Whitman students, ranked by the Princeton Review as among the most satisfied in the country, continue to support Whitman with an ever-increasing retention rate. The retention rate for first-years (freshmen) who return to Whitman as sophomores is currently at 95 percent, and the college’s graduation rate is 86 percent, statistics envied by colleges and universities across the country.
Whitman’s tuition for the coming academic year is $26,870, but approximately 70 percent of Whitman’s students will receive some kind of financial aid, said Cabasco, with the average need-based aid package including scholarship, loan and work study coming in at around $17,500; the average scholarship package will be about $13,300.
Even the full tuition amount represents only about 40 percent of the cost of an individual education at Whitman, according to John Bogley, vice president for development and college relations. "The rest of a Whitman education, which includes an average class size of 15 and a faculty-to-student ratio of 1 to 10, is covered by income from the college’s endowment and the support of people who believe in what we do here.

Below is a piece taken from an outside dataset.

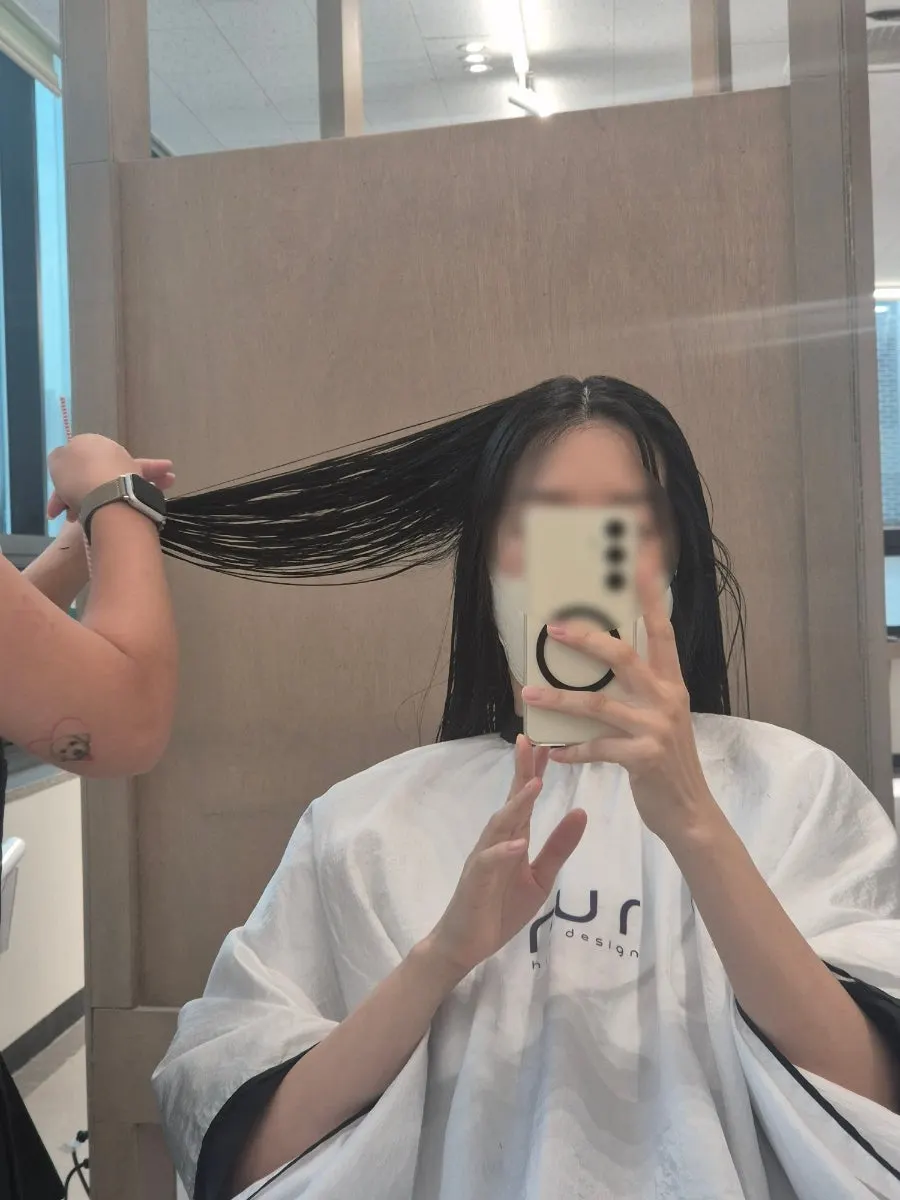 모발 케어 제품 도포 과정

This group includes alumni, friends of the college and foundations and corporations.
"What we do at Whitman is provide a personalized, rigorous and engaging liberal arts education, and we are fortunate to have the kind of support we do from many sources." Whitman raised approximately $14.1 million dollars during the last fiscal year (July 1, 2003 to June 30, 2004), said Bogley, with more than $13.5 million coming from private donations.